A proposta também prevê que além da pintura nos bancos sejam escritas frases de impacto que incentivam a conscientização e a denúncia da violência contra mulheres, como: “Em memória de todas as mulheres vítimas de feminicídio"; “Denuncie”; “Ligue 180”.
Segundo a autora da proposta, a execução da campanha tem um baixo custo e um alto impacto social. “Essa é uma campanha viável, mesmo em contextos de restrições orçamentárias. Além disso, por não gerar custos obrigatórios ao Poder Executivo, ela possibilita a captação de apoios privados ou comunitários, mostrando ser viável, estratégica e socialmente necessária”, afirmou Tia Ju.
De acordo com o texto, a iniciativa poderá ser implementada em locais de grande circulação de pessoas, como universidades, escolas, espaços culturais, unidades de saúde, além de estações de trem e metrô.

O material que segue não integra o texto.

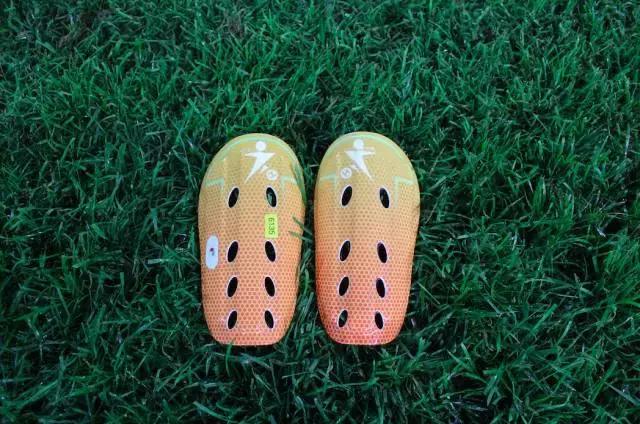 冬天踢球穿什么合适,冬天穿什么踢球好看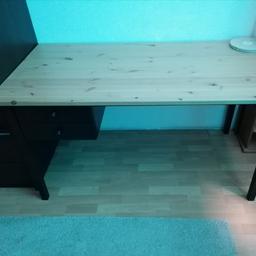 Ich verkaufe einen Tisch aus Holz mit den Maßen Länge 1,4 Meter, Breite 70 cm, Höhe 74 cm. Arbeitsfläche helles braun, Tischbeine schwarz lackiert, mit einer Schublade, neuwertig, sehr guter Zustand!
25 € ist VB.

Cada espaço público deverá contar, preferencialmente, com ao menos um banco vermelho instalado. A campanha também poderá ser realizada em parceria com instituições da sociedade civil, entidades privadas, grupos comunitários e instituições educacionais.
PROGRAMA DE TRANSPORTE GRATUITO PARA PUÉRPERAS E RECÉM-NASCIDOS PODERÁ SER CRIADO NO RIO
Pessoas puérperas e seus recém-nascidos poderão ter direito a transporte gratuito após a alta hospitalar na rede pública estadual de saúde. A medida está prevista no Projeto de Lei 6.924/25, de autoria da deputada Dani Balbi (PCdoB), que cria o Programa “Bebê a Bordo RJ”. A proposta será votada, em primeira discussão, pela Assembleia Legislativa do Estado do Rio de Janeiro (Alerj) nesta terça-feira (10/03). Caso receba emendas parlamentares, o projeto sairá de pauta. Em março, as sessões plenárias estão sendo presididas por deputadas e a pauta de votações contam com projetos voltados às mulheres.
A proposta tem como objetivo garantir o retorno seguro da mãe e do bebê para casa após o parto, além de reduzir riscos relacionados ao transporte inadequado de recém-nascidos e promover acolhimento e proteção no período pós-parto. De acordo com o texto, terão prioridade no atendimento pessoas em situação de vulnerabilidade socioeconômica, sem rede de apoio, com dificuldades de locomoção ou que residam em áreas periféricas ou de difícil acesso.
O projeto determina também que o transporte seja realizado em veículos com condições adequadas de higiene, segurança e conforto, equipados com assento de retenção infantil apropriado, conhecido como bebê-conforto. Além disso, o motorista deverá ser capacitado para prestar atendimento humanizado às puérperas.O trajeto deverá ser feito diretamente entre a unidade de saúde e o endereço indicado pela paciente, salvo orientação médica em sentido contrário.
“O puerpério é um período de fragilidade física, emocional e social. Muitas pessoas que acabam de parir enfrentam dificuldades para retornar ao lar com segurança, especialmente quando não dispõem de recursos financeiros. O deslocamento inadequado pode expor o recém-nascido a riscos evitáveis e comprometer o bem-estar da pessoa puérpera, por isso propomos esse projeto”, explicou Dani Balbi.
Segundo a proposta, o programa será executado prioritariamente com veículos e estruturas do próprio Estado, podendo contar com cooperação dos municípios. Caso seja necessário ampliar a capacidade de atendimento, o Poder Público poderá contratar empresas de transporte, taxistas ou motoristas de aplicativo por meio de licitação. As despesas decorrentes da medida poderão ser custeadas com recursos orçamentários do Estado, incluindo o Fundo Estadual de Combate à Pobreza e às Desigualdades Sociais (FECP).